◆ What is needed
The records below must be repeated exactly, but without their pictures.
BEGIN The data
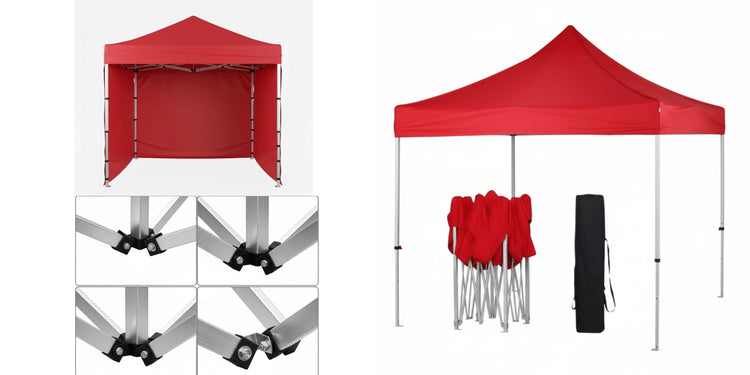Red Gazebo Aluminium 2m x 2m Pop-Up 3 with Side Walls | Market Stall Canopy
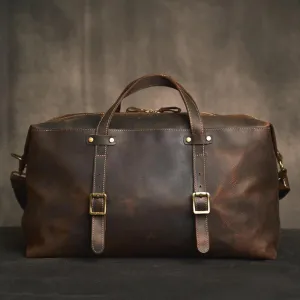 Genuine Leather Vintage Travel Duffle Bag for Men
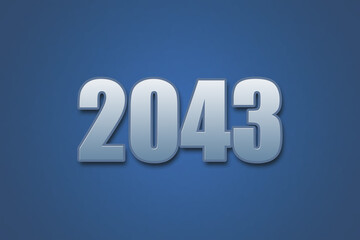 Year 2043 numeric typography text design on gradient color background. 2043 calendar year design.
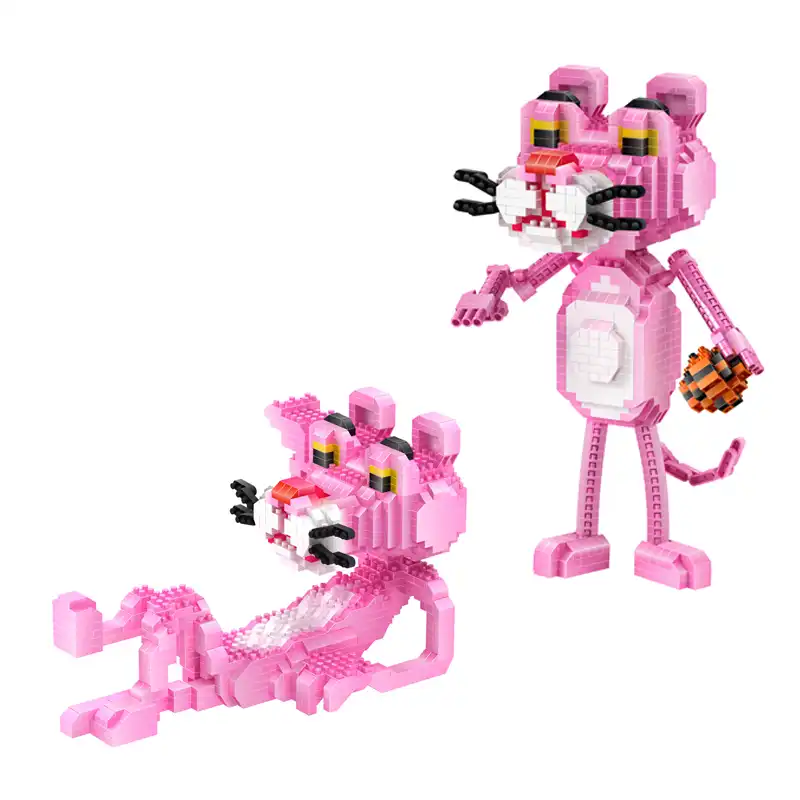 面白いアメリカの漫画フィギュアマイクロダイヤモンドブロックピンクパンサービルディングレンガ組み立てるおもちゃキッズギフト用 Nanobricks スタッキング ブロック Aliexpress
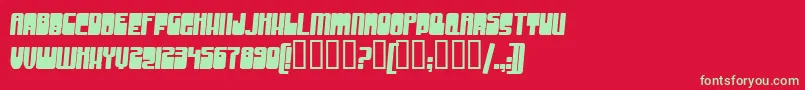 GrooveMachineBold Font – Green Fonts on Red Background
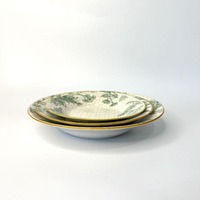 Service de table en céramique élégant de style européen vert, imprimé sous glaçure, 18 pièces, 36 pièces, assiettes en porcelaine, plats à soupe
END The data
◆ Solution
Red Gazebo Aluminium 2m x 2m Pop-Up 3 with Side Walls | Market Stall Canopy
 Genuine Leather Vintage Travel Duffle Bag for Men
 Year 2043 numeric typography text design on gradient color background. 2043 calendar year design.
 面白いアメリカの漫画フィギュアマイクロダイヤモンドブロックピンクパンサービルディングレンガ組み立てるおもちゃキッズギフト用 Nanobricks スタッキング ブロック Aliexpress
 GrooveMachineBold Font – Green Fonts on Red Background
 Service de table en céramique élégant de style européen vert, imprimé sous glaçure, 18 pièces, 36 pièces, assiettes en porcelaine, plats à soupe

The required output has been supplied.